The IPCC recently released a report on the requirements to contain global warming to 1.5oC. The scientific community has determined this to the threshold below which the impacts are believed to be manageable without major planetary trauma. The report makes the case that the actions required are viable, with a big caveat: large scale, collaborative action is required by all countries. It reports that not one country currently has the necessary program in place.
The level of disconnect is made clear by a 500 page July 2018 Environmental Assessment Report prepared for the US government. This report was prepared by consultant ICF to define the appropriate US efficiency standards for vehicles made from 2021 to 2025.
The report recommends that fuel efficiency requirements should not be increased and a planned reduction for 2021 should be cancelled. Which is presumably what the administration was asking for.
The rationale used for the conclusion was that although increased efficiency in US vehicles would significantly and progressively decrease vehicle emissions, that alone will not prevent the global atmospheric CO2 concentration from reaching 800ppm in 2100. It would therefore not prevent the global temperature from rising 4oC.
By accepting this conclusion, the US government is telling us that the planet will be 4oC warmer than preindustrial levels by 2100. It does not describe the consequences of giving up on a lower target.

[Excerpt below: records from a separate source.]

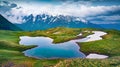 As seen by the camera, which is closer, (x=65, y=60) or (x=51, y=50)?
(x=65, y=60)

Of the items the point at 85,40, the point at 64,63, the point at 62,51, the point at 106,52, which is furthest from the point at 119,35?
the point at 64,63

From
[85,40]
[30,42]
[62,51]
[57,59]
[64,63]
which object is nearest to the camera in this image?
[64,63]

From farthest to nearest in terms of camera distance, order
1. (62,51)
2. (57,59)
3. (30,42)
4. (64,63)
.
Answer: (30,42) → (62,51) → (57,59) → (64,63)

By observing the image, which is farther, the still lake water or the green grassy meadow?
the still lake water

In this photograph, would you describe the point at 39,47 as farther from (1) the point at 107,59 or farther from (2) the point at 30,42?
(1) the point at 107,59

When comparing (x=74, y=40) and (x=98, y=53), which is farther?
(x=74, y=40)

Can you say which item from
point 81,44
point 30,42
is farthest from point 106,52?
point 30,42

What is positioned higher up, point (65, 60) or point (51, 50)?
point (65, 60)

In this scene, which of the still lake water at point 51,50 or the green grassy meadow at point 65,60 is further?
the still lake water at point 51,50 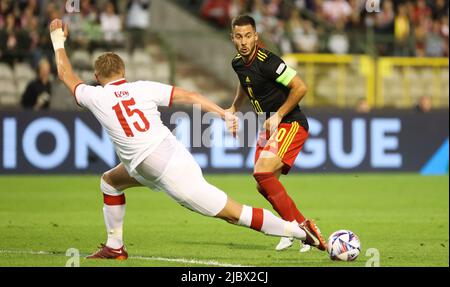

The mathematics used to justify the predictions assume that no further changes to vehicle emissions would be made after 2025. This presumes that even if progressive reductions were made over the next 5 year cycle, future generations would either stop innovating and/or caring about climate change.
The decision means that the US government will only require an action if that action by itself over a short time frame will avert long term catastrophe. This is the opposite of the large scale, progressive action the IPCC says is required. It is also contrary to what any of us would expect from a doctor, teacher, engineer or business person asked to confront a serious problem – mobilize all available resources on multiple fronts.
Isn't it time for this more optimistic, collaborative approach to become the norm in how we tackle climate change?